LIBRETTO-001 Highlights Need for Upfront Testing in Thyroid Cancer

The positive results from the LIBRETTO-001 study of selpercatinib and the FDA’s approval of this agent underscore the importance of testing all patients with thyroid cancer for potential RET mutations or fusions.

“Based on this phase 1/2 trial, selpercatinib showed durable efficacy with mainly low-grade toxic effects in patients with MTC with or without previous vandetanib or cabozantinib. In addition, this was active in patients with RET fusion-positive thyroid cancers like PTC and ATC,” Subbiah said.

Cabanillas explained that if the patient appears to require systemic therapy, she will test for RET alterations, and she believes this should be done in for all thyroid cancer patients. “I don't think that that's the practice in other institutions and out in the community, but I do think that now we have a very compelling reason to make that the standard of care for all patients with thyroid cancer that are going to be going on systemic therapy.”

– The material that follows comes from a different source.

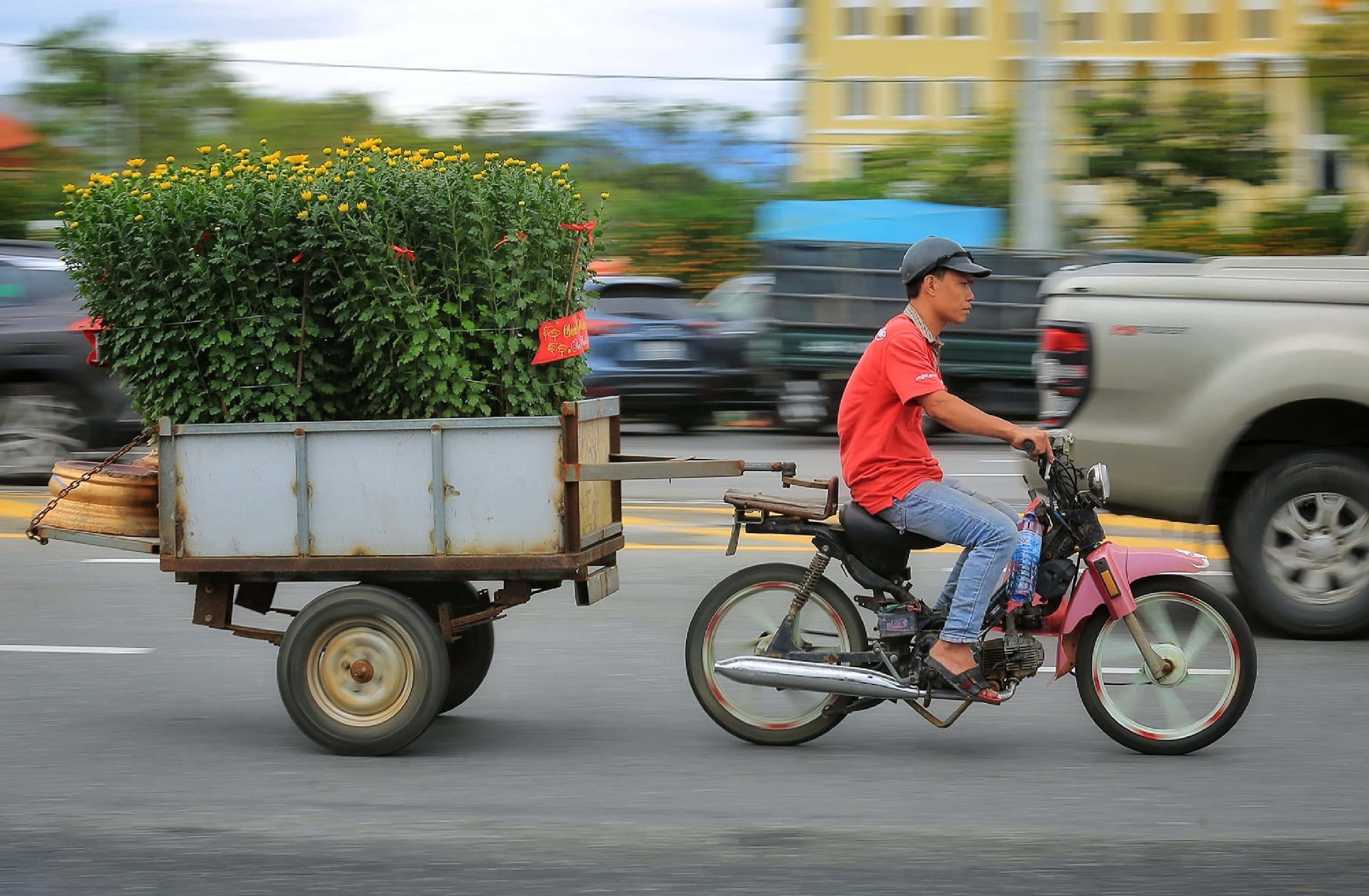 Mang Tết về nhà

Selpercatinib induced antitumor activity across all RET alterations and histologic types of thyroid cancer, so the implementation of molecular screening is essential to identify patients who may benefit from this therapy.

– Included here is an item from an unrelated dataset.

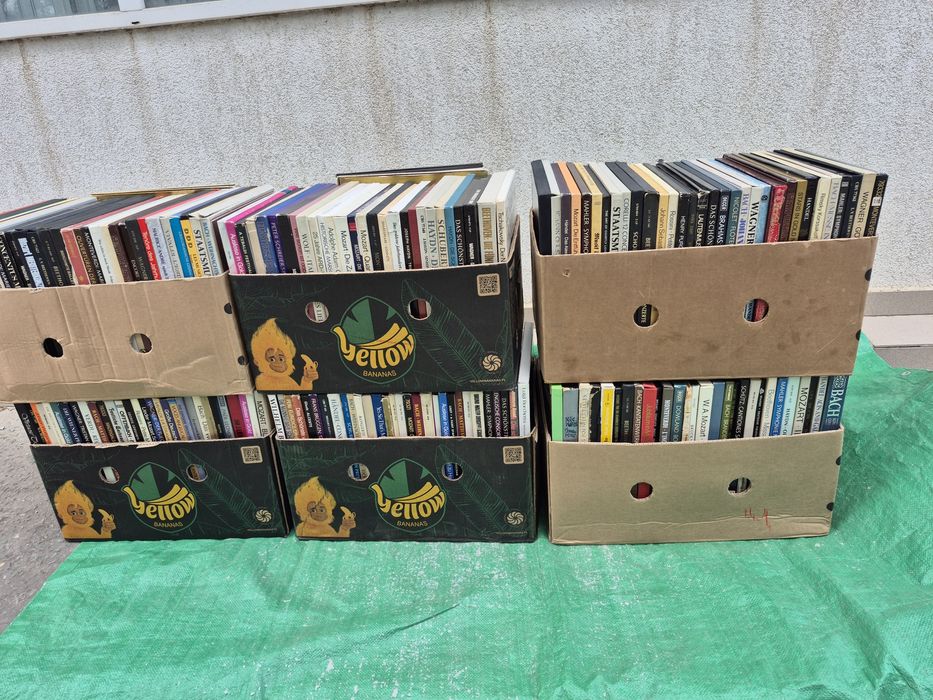 Vând lot 500Lp muzică clasică colectie mixta 3 lei un disc vinil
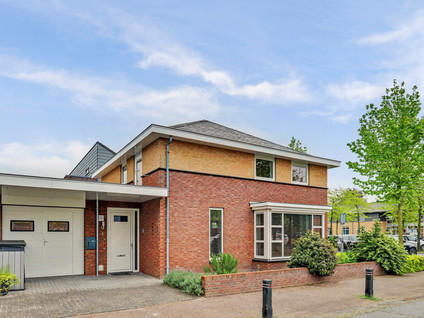 Roodborstje 1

“Based on this data, a selective RET inhibitor should be standard of care in MTC that harbors a RET alteration or in any other thyroid cancer that harbors a RET alteration. The implementation of effective molecular screening strategies for patients with either germline or somatic RET mutation in non-familial MTC will be essential in identifying these patients who may benefit from RET inhibition,” Subbiah concluded. “The main message is that in these patients who all clinically benefited from a selective RET inhibitor, we have testing for RET mutations or RET rearrangements, so any thyroid cancer patient should be tested for these actionable alterations for them to benefit from this treatment.”


1. FDA Approves First Therapy for Patients with Lung and Thyroid Cancers with a Certain Genetic Mutation or Fusion. May 8, 2020. Accessed August 25, 2020.

2. Wirth LJ, Robinson SB, Solomon B, et al. Efficacy of selpercatinib in RET-altered thyroid cancers. N Engl J Med. 2020; 383;9: 825-835.

3. Wells SA Jr, Robinson BG, Gagel RF, et al. Vandetanib in patients with locally advanced or metastatic medullary thyroid cancer: a randomized, double-blind phase III trial. J Clin Oncol. 2012; 30: 134-41.

4. Elisei R, Schlumberger MJ, Müller SP, et al. Cabozantinib in progressive medullary thyroid cancer. J Clin Oncol. 2013; 31: 3639-46.